The Median capital was located in the modern city of Hamadan, which at the time was called Hagmatana, and later Ecbatana by the Persians. Interesting in the ethnic makeup of Hamadan is that the population is not entirely Persian, but has a sizable Kurdish majority; a fact we shortly revisit. The city is actually referenced in Ezra 6:2 as the place where King Darius’s order “was found in a pouch in the citadel of the province of Media one scroll” showing its classical importance even to the Jewish world.
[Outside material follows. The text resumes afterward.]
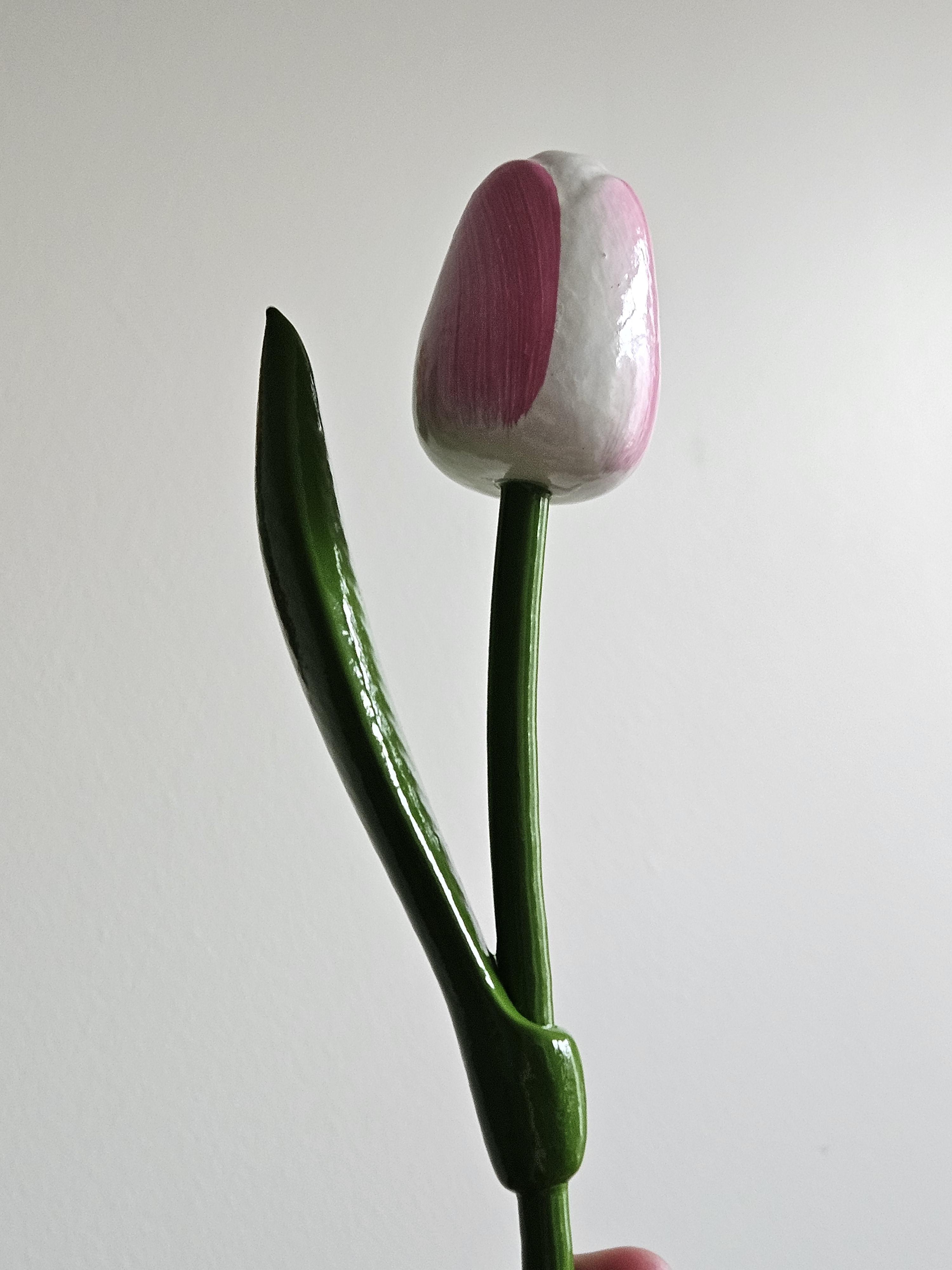 Lost Wooden Tulips in Dow'S Lake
Within this reference the supposed “province of media” likely refers to the “Median Triangle” between the three cultural centers of the Medians: Hamadan (Ecbatana), Ray (Rhaga), and Esfahan (Aspadana). Within this triangle, or province, were the six primary tribes of the Medes that occupied the heartland of what we consider modern Iran. During the Achaemenid Persian period “Media” expands as far north as the Caucuses, encompassing most of Azerbaijan, but is partitioned by the Seleucid Greeks separating Media from “Atropatene” - root of the term Azerbaijan.
Clear from the obvious inclusion of Kurds and the etymological root for Azerbaijan is that the Medes were either closely related to these groups, or these groups descend directly from the Medes. Evidence for this comes from linguistics, where modern Kurdish and Old Azeri - the language spoken by Azeris prior to Turkification of the region - are included inside the Persian “Western Iranian” language family. This “Northwestern Iranian” branch gets quite complicated, and Northern Iran is home to dozens of languages and ethnic groups rather than being an entirely “Persian” country.
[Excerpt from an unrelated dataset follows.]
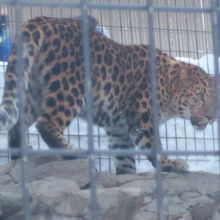 やはり雪原にはユキヒョウが似合います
Most of these groups trace their origin to various founding populations, but all of them descend from a generalized “Western Iranian” core separating them from the Eastern Iranian languages such as Pashtun, or Old Scythian. Some groups like the Zaza-Gorani languages specifically descended from some form of Median, with a varying degree of Parthian linguistic substrata.1 Others like Semnani directly come from Parthian, showing how many of these groups might trace their origins to any of the numerous Iranian dynasties that unified Persia over its three thousand plus years of history.2
Kurdish specifically is related to the Zaza-Gorani group, part of a wider “Kurdic” family helping attested to these languages coming from a common Median Empire origin, as well as attesting to the Kurds Median ancestry. While their populations have been migratory throughout history, they have roughly occupied these same regions that the Median Empire first unified, and would widely be regarded as “Media” proper. The Kurds for their part are realistically not a “single” Median group, but themselves a complex fusing of ethnic identities over 2500 year's.
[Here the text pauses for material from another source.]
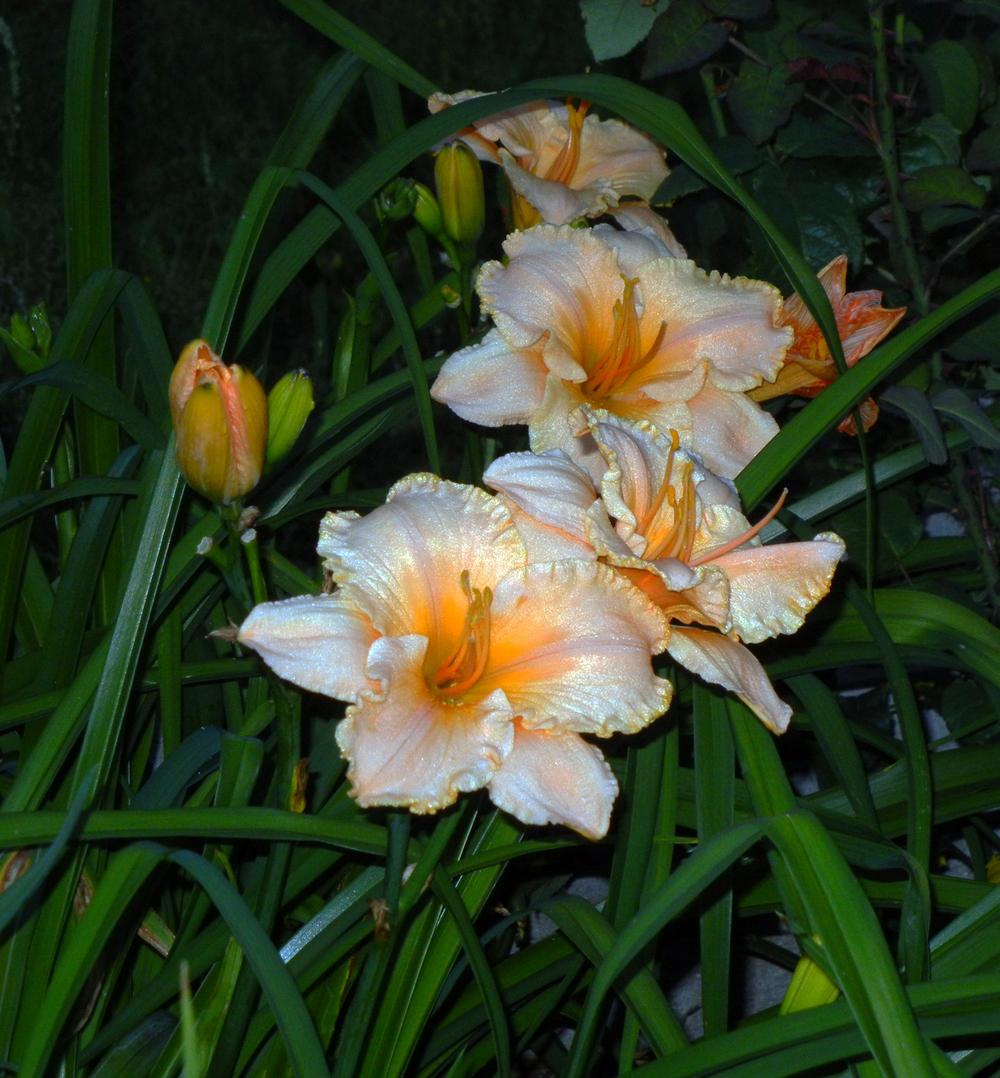 Photo of Daylily (Hemerocallis 'Pure and Simple') uploaded by jrbales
The earliest mention of a “Kurd” group separate from Median would be the Carduchoi around 400 BCE living in the mountains north of the Tigris, often sharing allegiance to the Armenians. Soon after the fall of the Seleucids we see the emergence of the Kingdom of Gordyene, often spelled “Corduene” while it was a province of Rome. The people of the province actually worshiped the Hurrian sky god Teshub, rather than an Indo-European god, attesting to that previous relationship to the Hurro-Urartians of Armenia.3
While not critical for our analysis of Madai, an interesting Jewish tradition - widely accepted in Rabbinic literature - identifies a supposed “Qardu” as the landing site for Noah’s ark following the flood. Etymology alone is a poor link, but to leave out this tidbit would be remiss.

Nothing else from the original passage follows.